Tendría como 15-16 años cuando alguien (no recuerdo quién) tomó esta fotografía de mi mamá y mis hermanas (en orden de nacimiento) en nuestro nuevo apartamento en Santurce. Me encantaba este vestido, tan blanco como mi inocencia, porque tenía un aire de jibarita en el día de su boda, y yo, que nací y me crié en el torbellino de la ciudad capitalina, me pasaba soñando con ríos, montañas y plazas pueblerinas mientras leía los poemas de Julia de Burgos y de un poeta de Cayey llamado Gaspar Genera Bras (regalo de mi abuelo).
Me parece que la foto fue tomada en una despedida de año, y que en ese año nuevo fue que mi vida dio el giro inevitable de niña a mujer. Como la hija/hermana menor en una casa habitada sólo por mujeres, siempre quería imitar y seguir los pasos de ellas, sobre todo, de la hermana que está parada al lado mío, la que ya no está entre nosotras y dejó un hueco en nuestros corazones tan negro como el vestido que llevaba puesto.

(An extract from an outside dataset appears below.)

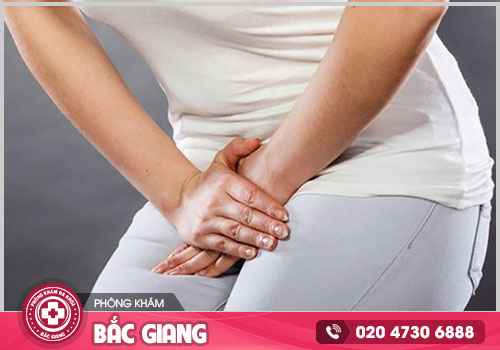 Tiểu buốt nữ - Triệu chứng không nên chủ quan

Mi hermanita era tan popular que yo siempre pensé que sería famosa. Siempre estaba en el teléfono con algún admirador, y las invitaciones a fiestas, giras y actividades eran constantes. Su belleza y personalidad eran tan impresionantes que aquel año recibió de regalo una tarjeta de socia, con derecho a entrada gratuita, de la discoteca Leornardo’s en el Condado. Mis amiguitas y yo estábamos loca por ir a la nueva discoteca "in" de las noches sanjuaneras. Una noche que mi hermana iba a salir para otro lado le cogí prestada su tarjeta de socia, pasaporte de entrada a ese lugar, hasta entonces, inaccesible para mí.
Me maquillé con la linea del lápiz negro delineando los ojos como Cleopatra, me puse un vestido corto y provocador, me trepé en la loma arqueada de unos zapatos de tacón alto y me fui, asustada y nerviosa, a encontrarme con mis amigas en la discoteca. El camino desde la acera hasta la entrada del lugar se me hizo eterno. Quería aparentar que había estado allí anteriormente, pero mi inexperiencia caminando en tacones y lo poco acostumbrada que estaba a andar con ropa pegada y provocativa, probablemente, me delataban. Cuando, por fin, llegué a donde estaba la chica con cara de modelo que cobraba a la entrada, le di la tarjeta temblando del miedo. Me miró de arriba a abajo con sus ojos maquillados a la perfección y los pómulos marcados por el excesivo colorete. La duda le brillaba en los ojos y, como quien quiere agarrar a alguien en plena mentira, me zumbó a toda prisa una pregunta: ¿cuál es tu fecha de nacimiento? Con la misma rapidez le devolví la respuesta. Orgullosa de saber la respuesta correcta, la miré de frente y le sonreí tranquila. Me miró de nuevo dudosa, me devolvió la tarjeta y me dejó entrar.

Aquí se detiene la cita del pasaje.